Together with Control Alt Delete, an organization against racial profiling, OCaN sent a letter to the police and the Ministry of Security and Justice this month.

According to the organizations the Ministry and the police say that they do not condone racial profiling, but in practice this is not the case. “Training on awareness and increasing diversity within the police force is lacking. Fundamental solutions remain unaddressed.”

Ruben Richardson has many Antillean friends who have experienced similar situations, but they prefer not to speak out. Also inquires from dozens of other Dutch Antilleans, confirm these stories. They dare not to speak out in the media, because of shame and fear; ‘to be condemned as a criminal while you have not done anything’.

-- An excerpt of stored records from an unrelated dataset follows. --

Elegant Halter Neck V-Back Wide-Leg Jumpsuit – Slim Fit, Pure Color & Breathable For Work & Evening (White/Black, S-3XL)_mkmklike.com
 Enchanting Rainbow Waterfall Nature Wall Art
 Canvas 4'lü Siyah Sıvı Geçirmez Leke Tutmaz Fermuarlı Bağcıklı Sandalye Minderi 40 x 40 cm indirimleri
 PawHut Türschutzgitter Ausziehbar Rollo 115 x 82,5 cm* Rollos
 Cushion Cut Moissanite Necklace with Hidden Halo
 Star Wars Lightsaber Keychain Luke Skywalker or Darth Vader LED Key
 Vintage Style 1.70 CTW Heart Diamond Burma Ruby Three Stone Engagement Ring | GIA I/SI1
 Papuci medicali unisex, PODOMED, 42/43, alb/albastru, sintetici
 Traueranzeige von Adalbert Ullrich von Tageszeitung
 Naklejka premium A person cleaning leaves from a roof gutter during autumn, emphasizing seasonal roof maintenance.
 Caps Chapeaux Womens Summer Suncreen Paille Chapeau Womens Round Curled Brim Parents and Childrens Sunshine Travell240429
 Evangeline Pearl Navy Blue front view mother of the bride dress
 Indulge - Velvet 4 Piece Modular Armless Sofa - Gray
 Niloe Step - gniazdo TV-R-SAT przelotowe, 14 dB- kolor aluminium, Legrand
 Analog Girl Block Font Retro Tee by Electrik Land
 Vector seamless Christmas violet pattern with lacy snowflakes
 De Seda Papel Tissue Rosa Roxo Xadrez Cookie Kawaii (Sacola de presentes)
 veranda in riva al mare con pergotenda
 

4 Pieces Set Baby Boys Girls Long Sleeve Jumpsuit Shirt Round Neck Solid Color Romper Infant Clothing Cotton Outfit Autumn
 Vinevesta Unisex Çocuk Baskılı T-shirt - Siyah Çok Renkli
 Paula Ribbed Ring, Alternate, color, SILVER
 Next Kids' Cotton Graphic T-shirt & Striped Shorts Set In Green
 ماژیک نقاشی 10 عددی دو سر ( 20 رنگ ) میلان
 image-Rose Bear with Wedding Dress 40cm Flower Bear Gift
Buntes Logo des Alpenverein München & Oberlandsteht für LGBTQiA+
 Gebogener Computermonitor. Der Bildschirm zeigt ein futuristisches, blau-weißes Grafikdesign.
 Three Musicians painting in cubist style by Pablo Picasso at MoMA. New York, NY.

“I can understand it’s difficult to speak about it, because it takes you back to an unpleasant experience”, explained Jair Schalkwijk from Control Alt Delete. “Majority want to forget the experience fast. At the same time, it is important that you do something about it; otherwise there will be no change.”

Anonymous report-app
Control Alt Delete has an app for anonymous reporting of racial profiling. In this way, the organization hopes to better identify how many people are being subjected to racial profiling by the police.

According to human rights organization Amnesty International, ethnic profiling is a form of discrimination and therefore in violation of human rights. Ethnical profiling, Amnesty understands is: “A form of discrimination in which the police stop, control, suspend or persist, partly because of a person’s skin color or origin and without proper and valid reason.”